Congrats Zion! Not that it'll do anything for your precious sisters...


----------



## Zion (May 31, 2011)

spanner94ezekiel said:


> Congrats Zion! Not that it'll do anything for your precious sisters...


Thanks! And _ouch_....that was *cold*.


----------



## Rhomdruil (Apr 16, 2008)

Bravo and well deserved! I can vouch for the touched in the head comment...

=][=


----------



## Loki1416 (Apr 20, 2010)

Congrats and truly well deserved!


----------



## Warlord_Winters (May 2, 2012)




----------



## Mossy Toes (Jun 8, 2009)

Good job and well-deserved, Zion!


----------



## Svartmetall (Jun 16, 2008)

Nice one Z, well done


----------



## Zion (May 31, 2011)

Rhomdruil said:


> Bravo and well deserved! I can vouch for the touched in the head comment...
> 
> =][=


Thanks, though I'm sure the mods are already well aware of that. :wink:



Loki1416 said:


> Congrats and truly well deserved!


Thank you!



Warlord_Winters said:


>


Thanks?



Mossy Toes said:


> Good job and well-deserved, Zion!


I don't know about "well-deserved", but I'm honoured that I was chosen.



Svartmetall said:


> Nice one Z, well done


Thanks Svart!


----------



## SonofVulkan (Apr 14, 2010)

Well deserved, and thanks for sharing all them rumours!


----------



## Zion (May 31, 2011)

SonofVulkan said:


> Well deserved, and thanks for sharing all them rumours!

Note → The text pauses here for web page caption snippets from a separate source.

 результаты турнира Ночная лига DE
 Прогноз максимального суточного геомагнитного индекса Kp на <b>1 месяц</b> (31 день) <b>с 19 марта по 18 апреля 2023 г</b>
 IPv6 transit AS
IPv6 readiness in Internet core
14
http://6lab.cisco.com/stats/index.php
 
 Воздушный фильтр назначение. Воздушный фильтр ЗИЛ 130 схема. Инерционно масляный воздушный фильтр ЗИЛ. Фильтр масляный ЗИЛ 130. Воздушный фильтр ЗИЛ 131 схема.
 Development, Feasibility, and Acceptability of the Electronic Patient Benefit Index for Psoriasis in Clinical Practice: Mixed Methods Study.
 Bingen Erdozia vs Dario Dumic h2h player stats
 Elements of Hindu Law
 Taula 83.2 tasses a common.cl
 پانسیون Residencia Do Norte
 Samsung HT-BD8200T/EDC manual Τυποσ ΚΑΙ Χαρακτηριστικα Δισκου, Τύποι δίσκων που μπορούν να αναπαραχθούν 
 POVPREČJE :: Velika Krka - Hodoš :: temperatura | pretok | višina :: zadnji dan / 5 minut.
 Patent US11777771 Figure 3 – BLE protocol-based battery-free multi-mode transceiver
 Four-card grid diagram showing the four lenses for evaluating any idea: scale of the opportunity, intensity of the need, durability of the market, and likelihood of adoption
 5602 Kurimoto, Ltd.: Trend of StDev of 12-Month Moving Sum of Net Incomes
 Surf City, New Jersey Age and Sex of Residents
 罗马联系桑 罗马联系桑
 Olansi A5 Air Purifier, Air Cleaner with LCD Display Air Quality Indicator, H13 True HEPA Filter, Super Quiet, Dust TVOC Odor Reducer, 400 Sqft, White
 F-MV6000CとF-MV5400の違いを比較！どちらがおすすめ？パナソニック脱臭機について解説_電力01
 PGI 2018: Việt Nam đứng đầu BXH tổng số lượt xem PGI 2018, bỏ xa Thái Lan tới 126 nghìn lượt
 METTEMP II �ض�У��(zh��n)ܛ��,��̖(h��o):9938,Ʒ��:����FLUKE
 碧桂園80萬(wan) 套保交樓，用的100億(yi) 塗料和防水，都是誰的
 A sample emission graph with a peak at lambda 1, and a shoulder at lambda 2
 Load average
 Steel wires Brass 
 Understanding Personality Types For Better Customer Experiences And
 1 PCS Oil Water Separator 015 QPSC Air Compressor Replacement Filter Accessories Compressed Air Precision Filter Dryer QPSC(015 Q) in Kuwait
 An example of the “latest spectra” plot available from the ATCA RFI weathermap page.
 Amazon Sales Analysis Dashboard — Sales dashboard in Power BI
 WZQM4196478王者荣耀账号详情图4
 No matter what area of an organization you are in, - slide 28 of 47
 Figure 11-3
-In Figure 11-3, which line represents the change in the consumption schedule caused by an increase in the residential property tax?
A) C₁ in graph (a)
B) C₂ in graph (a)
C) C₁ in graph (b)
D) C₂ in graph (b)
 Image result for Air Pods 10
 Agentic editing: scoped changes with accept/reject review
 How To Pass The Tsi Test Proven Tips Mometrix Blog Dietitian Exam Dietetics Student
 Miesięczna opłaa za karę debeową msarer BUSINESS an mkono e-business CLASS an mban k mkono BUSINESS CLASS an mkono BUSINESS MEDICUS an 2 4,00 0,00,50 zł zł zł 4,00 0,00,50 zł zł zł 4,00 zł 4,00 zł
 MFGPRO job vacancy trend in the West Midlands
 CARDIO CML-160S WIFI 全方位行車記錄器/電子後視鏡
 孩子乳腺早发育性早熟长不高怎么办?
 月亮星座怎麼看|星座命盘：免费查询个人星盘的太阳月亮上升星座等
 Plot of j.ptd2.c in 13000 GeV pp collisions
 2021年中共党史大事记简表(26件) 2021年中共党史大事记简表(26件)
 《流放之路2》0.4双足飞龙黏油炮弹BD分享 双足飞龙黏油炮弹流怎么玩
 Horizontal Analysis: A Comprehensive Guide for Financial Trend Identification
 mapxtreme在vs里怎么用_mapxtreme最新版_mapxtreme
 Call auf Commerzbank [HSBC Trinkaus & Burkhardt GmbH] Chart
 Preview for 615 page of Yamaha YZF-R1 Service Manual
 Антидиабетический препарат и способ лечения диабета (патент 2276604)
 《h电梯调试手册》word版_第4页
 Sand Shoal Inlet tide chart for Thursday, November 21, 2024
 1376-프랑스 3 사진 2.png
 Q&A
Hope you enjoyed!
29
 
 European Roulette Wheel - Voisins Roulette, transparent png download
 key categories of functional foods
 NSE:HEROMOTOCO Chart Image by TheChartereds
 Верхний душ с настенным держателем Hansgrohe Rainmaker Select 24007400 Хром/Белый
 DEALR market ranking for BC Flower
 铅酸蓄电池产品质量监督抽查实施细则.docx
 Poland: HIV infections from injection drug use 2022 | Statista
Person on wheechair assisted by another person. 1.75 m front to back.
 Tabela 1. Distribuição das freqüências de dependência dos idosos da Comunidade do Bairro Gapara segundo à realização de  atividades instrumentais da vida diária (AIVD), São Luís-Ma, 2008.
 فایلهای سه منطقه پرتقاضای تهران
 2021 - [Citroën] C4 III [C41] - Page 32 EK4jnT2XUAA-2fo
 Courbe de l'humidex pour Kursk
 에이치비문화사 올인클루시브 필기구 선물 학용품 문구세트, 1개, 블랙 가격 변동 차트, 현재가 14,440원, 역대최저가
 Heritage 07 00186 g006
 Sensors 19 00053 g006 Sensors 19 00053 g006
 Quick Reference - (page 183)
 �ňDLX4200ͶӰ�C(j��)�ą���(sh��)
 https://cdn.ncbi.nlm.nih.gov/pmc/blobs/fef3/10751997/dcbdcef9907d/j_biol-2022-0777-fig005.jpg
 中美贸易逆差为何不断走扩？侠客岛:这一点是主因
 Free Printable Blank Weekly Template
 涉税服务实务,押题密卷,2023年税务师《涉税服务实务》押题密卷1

Thanks! And I'm glad to see people enjoy the rumour posting (even when the news isn't the best).


----------



## Viscount Vash (Jan 3, 2007)

Congratulations on the shiny shiny.

Well done on all the rumour resource gathering and all the other work on the site you have put in too.


----------



## Zion (May 31, 2011)

Viscount Vash said:


> Congratulations on the shiny shiny.
> 
> Well done on all the rumour resource gathering and all the other work on the site you have put in too.


Thanks Vash!


----------



## ntaw (Jul 20, 2012)

As far as my limited abilities of interweb sifting goes, you ARE the rumour mill 

Keep up the good work dude!


----------



## Zion (May 31, 2011)

ntaw said:


> As far as my limited abilities of interweb sifting goes, you ARE the rumour mill
> 
> Keep up the good work dude!


Wow, thanks! I've been surprised how much people have loved my rumour scrounging. I'm really honoured that you guys like it so much.


----------



## Old Man78 (Nov 3, 2011)

Well done old boy, well played on getting some more and well deserved bling! HUZZAH!!!


----------



## Zion (May 31, 2011)

Oldman78 said:


> Well done old boy, well played on getting some more and well deserved bling! HUZZAH!!!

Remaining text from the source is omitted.